● Data to examine
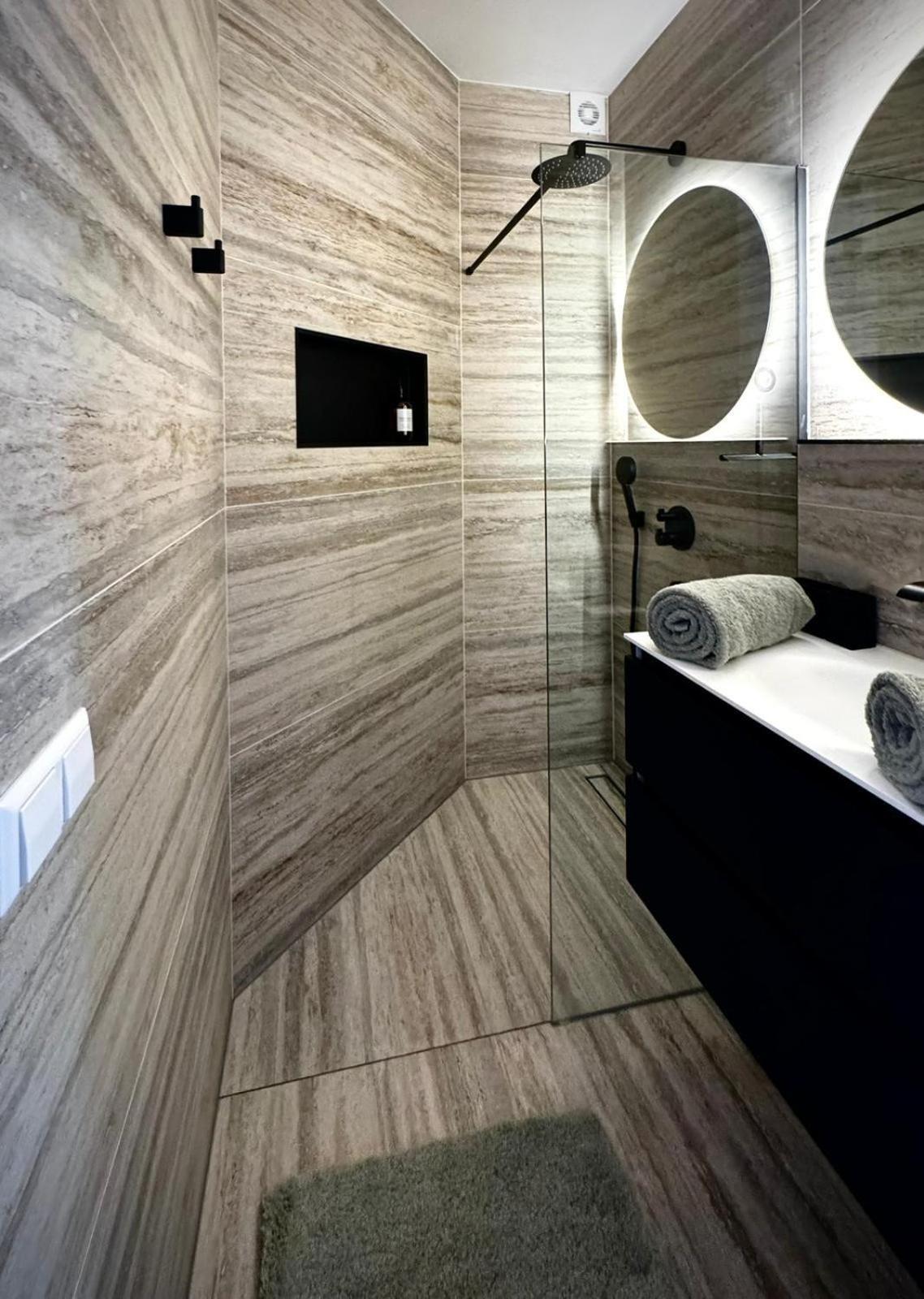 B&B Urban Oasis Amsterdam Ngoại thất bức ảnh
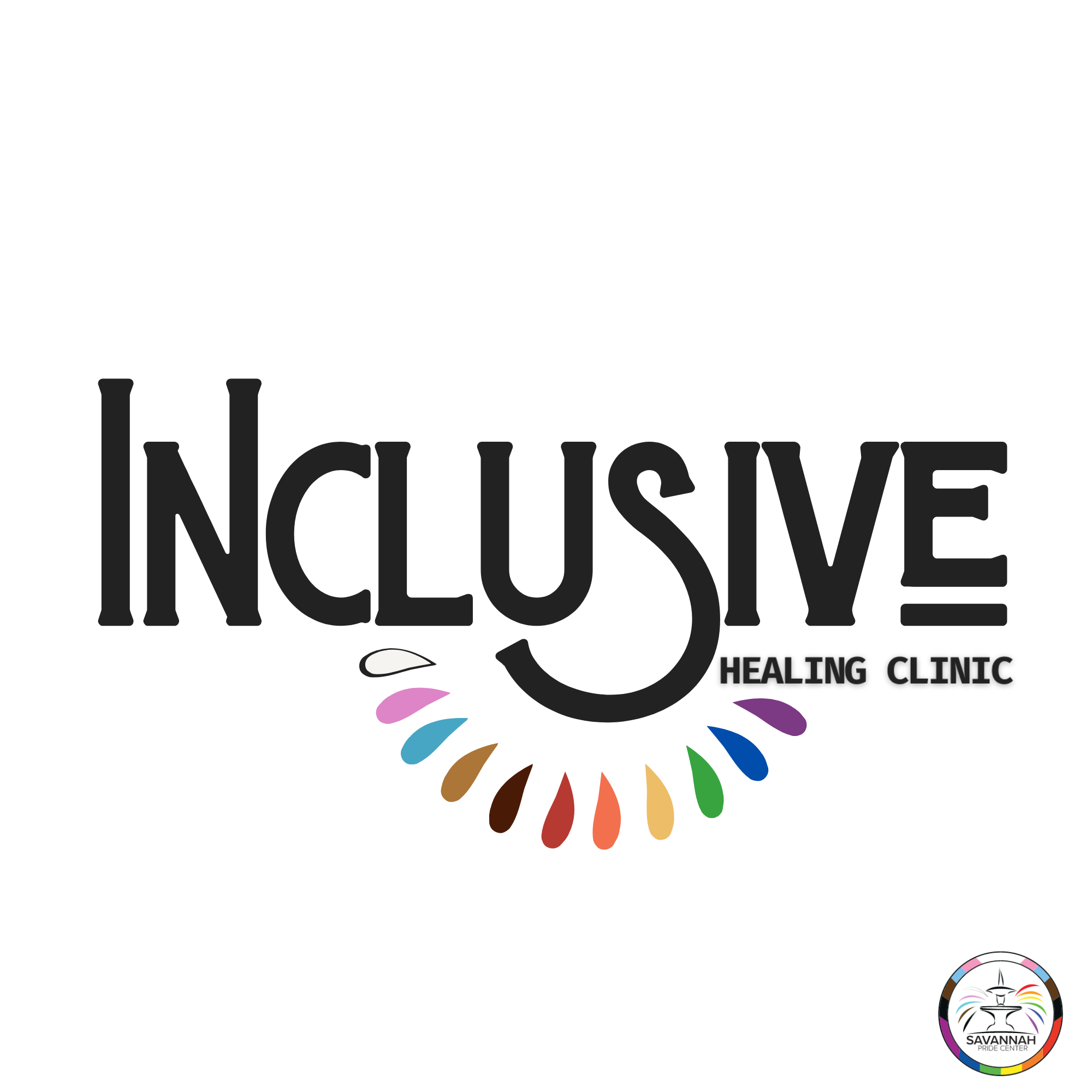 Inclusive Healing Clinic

* * *

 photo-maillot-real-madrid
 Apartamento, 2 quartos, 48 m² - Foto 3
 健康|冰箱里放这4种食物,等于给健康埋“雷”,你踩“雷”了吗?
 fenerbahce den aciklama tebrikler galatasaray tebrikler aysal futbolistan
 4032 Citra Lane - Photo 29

● Task instructions
Starting at the line that contains "Apartamento, 2 quartos, 48 m² - Foto 3" and stopping after the line that contains "4032 Citra Lane - Photo 29", write out every line exactly as it appears above, and no other line.

● Solution to the exercise
 Apartamento, 2 quartos, 48 m² - Foto 3
 健康|冰箱里放这4种食物,等于给健康埋“雷”,你踩“雷”了吗?
 fenerbahce den aciklama tebrikler galatasaray tebrikler aysal futbolistan
 4032 Citra Lane - Photo 29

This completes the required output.